Литмир - Электронная Библиотека
Содержание  
A
A

Еще более откровенно высказывались ближайшие сотрудники Чемберлена. Незадолго до завтрака в салоне леди Астор английский военный министр также в «доверительной» беседе с американскими корреспондентами заявил, что судьба Чехословакии предрешена: Германия насытится в Центральной Европе раньше, чем Запад сумеет помешать ей.

Если о содержании названных разговоров «off the record» узнал я, узнали о них, конечно, и немцы.
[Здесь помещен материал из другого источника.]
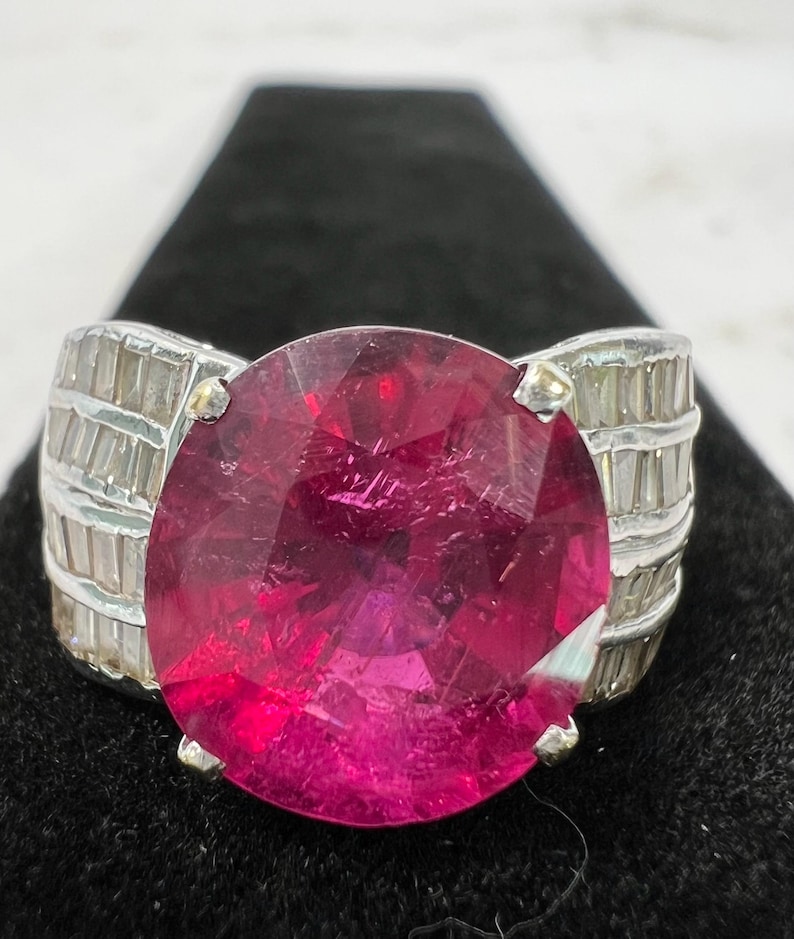 May include: A silver ring featuring a large, round, faceted deep pink gemstone as the centerpiece. The band is wide and decorated with multiple rows of small, clear, rectangular baguette-cut stones set horizontally along the sides of the ring.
Ход мыслей премьера и его сотрудников способен был только окрылять фашистских агрессоров.

Гитлер было решил, что настал момент для очередного «прыжка». С одной стороны, он отправил в Лондон лидера судетских немцев Гейнлейна[87], который старался изобразить и себя, и руководимое им нацистское движение как истых представителей здравого смысла, готовых идти на самые разумные компромиссы с чехословацким правительством; Чемберлен не принял Гейнлейна, но влиятельные члены из окружения премьера вели с ним длинные и серьезные разговоры; беседовали с Гейнлейном также в целях ориентации Черчилль, Иден, Ванситарт и т.д. С другой стороны, Гитлер одновременно поднял бешеную кампанию протии Чехословакии и 19 мая придвинул к ее границам несколько дивизий. Он ждал, что Франция и СССР, имевшие пакты взаимопомощи с Чехословакией, уклонятся от выполнения своих обязательств, а Великобритания займет нейтральную позицию и что в такой обстановке пражское правительство уступит ему без выстрела. Фюрера, однако, ждало неожиданное разочарование.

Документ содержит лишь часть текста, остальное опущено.